Tout le monde sait qu’Amadou G. Maïga tentait de répondre à la réaction de l’Ancien Premier ministre, Moussa Mara, qui fut un député de la 6è législature. Malheureusement, en voulant charger Mara vaille que vaille, il s’est planté à plusieurs niveaux.

En effet, en tant que membre du CNT, Amadou Gilbert Maïga pouvait mener des investigations, comme nous l’avons fait, pour obtenir les bons renseignements. Il se serait rappelé que les députés de cette 6è Législature, qui n’ont siégé que trois mois avant le coup d’état, n’ont reçu que 2,5 millions chacun sur les 10 millions FCFA prévus à titre d’installation par le Règlement intérieur de l’Assemblée nationale. Selon l’esprit de cette loi organique (le Règlement intérieur de l’Assemblée nationale en étant une) cette disposition permet aux députés, dont la majorité ne vient pas de Bamako, de pouvoir trouver un pied-à-terre dans la capitale malienne où leur présence régulière est imposée par les besoins de la charge de parlementaire. La tradition était que le paiement de ce pécule pouvait se faire soit globalement soit par tranche, c’était laissé à la convenance du député. Depuis la diffusion de la vidéo de ce membre loquace et va-t-en-guerre du CNT, c’est le branle-bas de combat au niveau des députés de cette Législature. Ils veulent bien savoir comment on a pu leur attribuer une somme de 10 millions de FCFA qu’ils n’ont pas reçu, alors qu’installée au mois de mai, cette 6è législature, dans le cadre de la continuité de la Législature présidée par Isaac Sidibé, ne pouvait que continuer l’exécution du budget de la Loi de finances 2020. C’est dire que rien n’était possible en termes de changements et autres aménagements pour ce qui était du budget. Il fallait attendre le vote de la Loi de finances de l’année suivante, qui se fait au mois d’octobre, pour pouvoir apporter des modifications.

Reprocher aux députés de cette Législature de n’avoir pas changé cette disposition ne peut prospérer puisqu’elle n’a même pas eu le temps de s’installer convenablement, a fortiori pouvoir travailler correctement. Entre le fait de prendre connaissance des dossiers, chercher de nouveaux bureaux (les locaux de l’Assemblée nationale étant incendiés) équiper les nouveaux bureaux, s’y installer, les trois mois se sont écoulés.

En attendant la réhabilitation du siège de l’Assemblée nationale, les députés squattaient le CICB et l’aménagement a donc pris du temps. Le coup d’état ayant renversé le régime du président IBK étant intervenu le 18 août 2020, les députés de cette 6è Législature ont dû percevoir le salaire de ce mois d’août 2020, grâce à la bienveillance des Autorités de la Transition parce que les salaires n’étaient pas positionnés au moment où l’Assemblée nationale était dissoute.

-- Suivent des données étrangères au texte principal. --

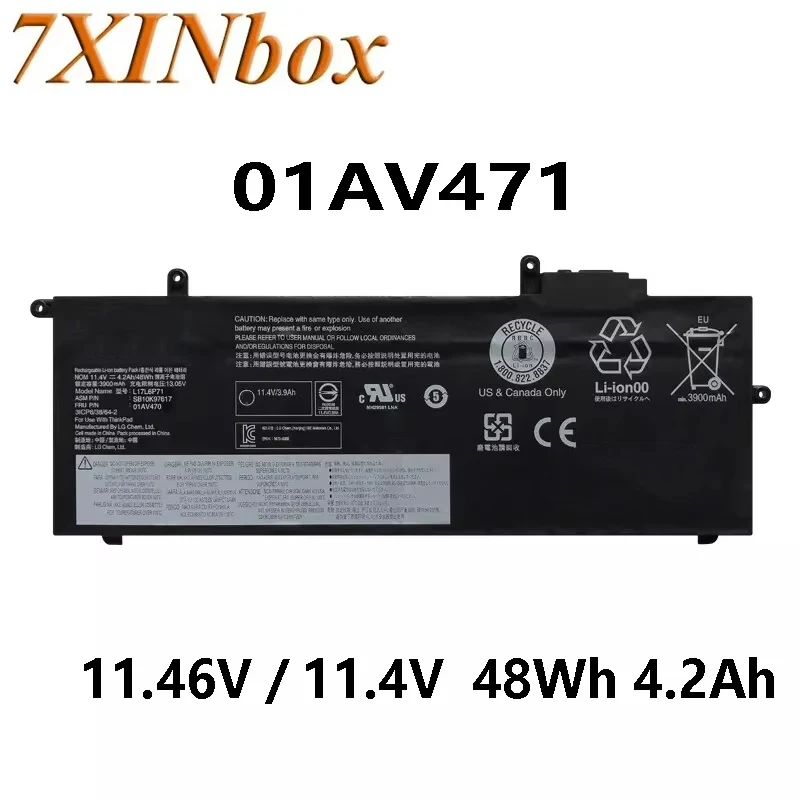 7XINbox 01AV471 L17L6P71 48Wh 4.2Ah Lapotp Battery For Lenovo ThinkPad X280 L17M6P71 L17C6P71 SB10T83164 SB10T83165 series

Comme pour dire que, s’il y a eu des décaissements et autres opérations de dépenses au titre de l’exécution du budget 2020 de l’Assemblée nationale, notamment concernant les mois de septembre, octobre et novembre 2020 (le CNT ayant démarré son fonctionnement en décembre 2020), il y a lieu de clarifications pour savoir comment fut-ce possible et qui en est vraiment responsable, l’Assemblée nationale n’existant plus.

Les membres du CNT n’étant pas élus comme les députés, ont-ils droit à une indemnité de représentation ? Ils n’ont pas la même redevabilité que les députés élus, ont-ils droit à une indemnité de restitution ? Et restitution à destination de qui ? Autant de questions qui constituent le vrai débat, pour remettre les choses dans la logique de transparence de gestion des biens publics prônée par la Transition.

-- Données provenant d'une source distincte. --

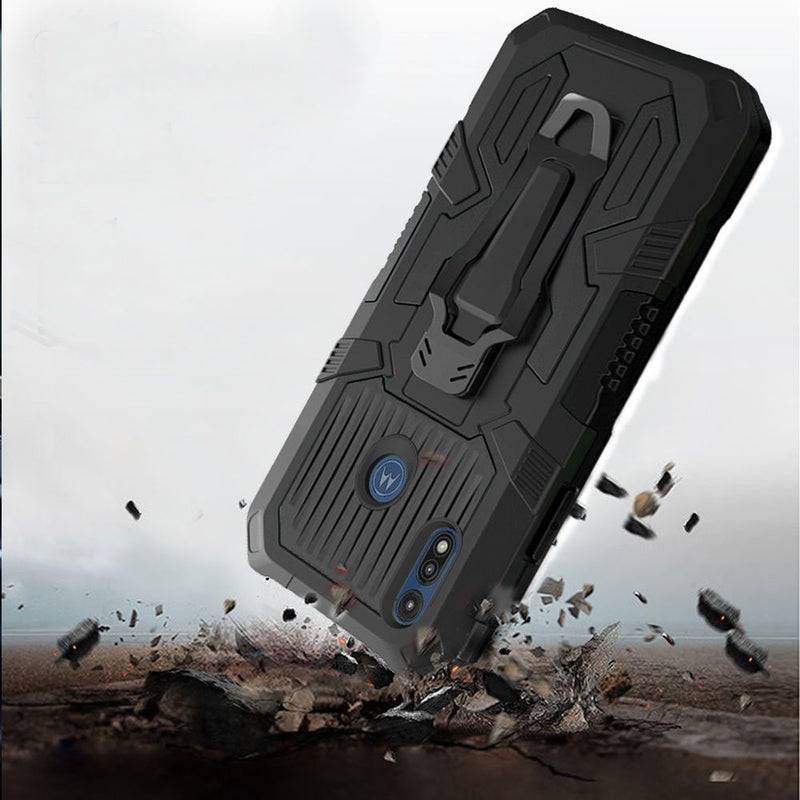 For Motorola Moto E (2020) Travel Kickstand Clip Hybrid Case Cover - Black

Chez notre voisin de l’AES, notamment le Burkina Faso, le président de la Transition, le capitaine Ibrahima Traoré, a tranché cette question en laissant aux membres du CNT seulement le nécessaire pour fonctionner car il s’agit beaucoup plus de faire preuve de patriotisme pour le Refondation de l’Etat que de chercher à être traité comme un élu d’un régime en plein ordre constitutionnel. A situation exceptionnelle, mesures exceptionnelles ! L’exemple doit commencer par les structures de gestion de la transition.